The rig is, by design, a trust-bearing substrate. We take that seriously.
Please do not file public GitHub issues for security reports.
If you believe you have found a security vulnerability in rigging,
please report it privately through one of the following channels:
Use GitHub Security Advisories. Go to the repository's Security tab → Advisories and click Report a vulnerability. This is the only supported channel for v0 — it gives us a private workspace, attributable disclosure, and a clean CVE pipeline if one is warranted.
If GitHub Security Advisories are unavailable to you (e.g., you do not have a GitHub account), please open a Discussion in the Security category instead. Do not open a public issue.
Please include:
- A description of the issue.
- A minimal reproduction (or a clear thought experiment if the vulnerability is conceptual).
- The affected version or commit.
- Your name / handle if you would like to be credited.
We aim to:
- Acknowledge your report within 3 business days.
- Triage and confirm within 7 business days.
- Issue a fix or mitigation within 30 days for high-severity reports.
- Coordinate public disclosure with you. We will not name you publicly without your consent.
If a vulnerability is being actively exploited, we will accelerate this timeline.
The rig's threat model is documented at
docs/spec/identity-v0.md. In v0 we treat
the following as security issues:
- Signature forgery. Any way to make the rig accept an envelope that was not produced by the holder of the signing key.
- Card spoofing. Any way to make the rig route work to an agent whose card was not signed by the operator's identity key.
- Cost-budget escape. Any way for a sub-contract's cost overrun to be charged to a contract other than its parent.
- Blame-chain laundering. Any way for an envelope to appear in a trace under a signing key that did not produce it.
- Replay. Any way for a contract to be accepted twice.
Out of scope for v0 (we know these are limitations and intend to address them in v1):
- Revocation of compromised cards. v0 has no revocation protocol; operators must rotate keys. This is documented, not a bug.

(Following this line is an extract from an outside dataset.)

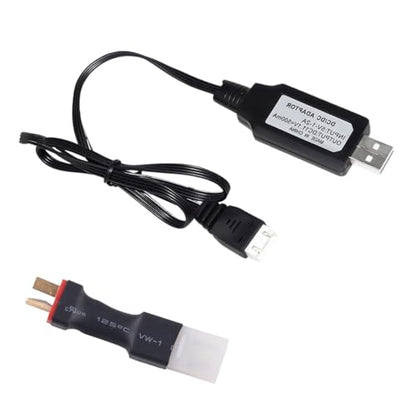RC Battery Accessory Kit,No Wires Tamiya Male (White) Connector Switch to Deans T Female (red) Adapter, for Remote Control Toy Boat FPV Drone Car etc - 1 Pcs with 11.1V USB Charger Cable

- KMS-backed signing. v0 uses local-file Ed25519 keys.
- Side-channel attacks on the verifier.
- DoS against the rig itself (the rig is in-process in v0; rate limits belong in your transport layer).
| Version | Supported |
|---|---|
| v0.x | ✅ Active |
| < v0.1 | ❌ Pre-release only |
When v1 ships, v0 will receive security fixes for at least six months after v1.0.0.
Researchers who responsibly disclose security issues will be credited here (with consent).